Lawyer Michael K. Rozen of Feinberg Rozen LLP, the firm hired by the school to handle negotiations, met personally with claimants represented by multiple firms.
"In some instances we had him meet our clients himself and had him ask whatever questions he wanted to ask them," said Philadelphia attorney Matt Casey, whose firm, Ross Feller Casey LLP, had seven claimants, including Sandusky's adopted son and Victim 2, the boy that Sandusky was charged with assaulting in the Penn State locker room shower.
Several of Mr. Casey's clients came face to face with Mr. Rozen in a conference room on the firm's 34th floor, with its sweeping view of Philadelphia.
Mr. Casey said he wanted the person on the other end of the negotiations to "see for himself the pain that in many cases was written on the faces of the person, the young man, sitting across the table from him. It was our job to show Penn State who these young men were and what they had gone through, what it's wrought in their lives."
Mr. Casey and Mr. Rozen described the meetings as intense.
"While he was very sympathetic ... they knew he was not there to help them. That wasn't his role, that wasn't his job. He was representing Penn State. He had questions for them. It was both emotional and really impressive to see these men explain in very personal terms what had happened to them, to someone who was their adversary in the case."
Mr. Rozen was sober in his description of the meetings with claimants.
"I have a great deal of sympathy for the victims, as anybody would. And in some instances it really helped us try to evaluate things and it helped them, I hope, in being able to talk through things in what may be a cathartic kind of way, to whatever small extent that may be."
The overarching framework of the settlement was hardly a secret. For months information had leaked out in piecemeal fashion, primarily from defense attorneys, that revealed the maximum amount Penn State was authorized to spend, how many men had filed claims, and the fact that some individual settlements had been resolved.
But it wasn't until all the moving parts in a very complex legal machine were finally in alignment that Penn State confirmed the agreements it had reached -- and those it hadn't.

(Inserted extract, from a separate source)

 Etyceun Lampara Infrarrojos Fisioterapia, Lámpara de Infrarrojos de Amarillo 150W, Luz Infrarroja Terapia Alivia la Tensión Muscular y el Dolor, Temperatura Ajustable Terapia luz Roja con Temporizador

Although 26 people will get $59.7 million -- with three of those claims still being finalized -- another six claims were up in the air.
About half were rejected as being without merit, according to Mr. Rozen. The rest are under discussion.
Some of the rejected claims were not reliable because the purported victim presented a different "fact pattern."
"Sandusky tended to do things in a similar way to all his victims," Mr. Rozen said.
As news of the settlements broke, Penn State let its attorneys do all the talking beyond what its new release said.
David La Torre, a university spokesman, declined to address a detailed list of questions about the settlement agreements, which have confidentiality clauses built in to shield the dollar figure of the individual settlements.
Also built into the settlements are agreements for the claimants not to sue anyone else.
Penn State said the settlements will not be funded by student tuition, taxpayer funds or donations. The school will seek to be compensated through insurance policies and by pursuing its own claims against, for instance, Sandusky's Second Mile charity.
"They're not going to make 100 percent recovery," Mr. Rozen said of Penn State.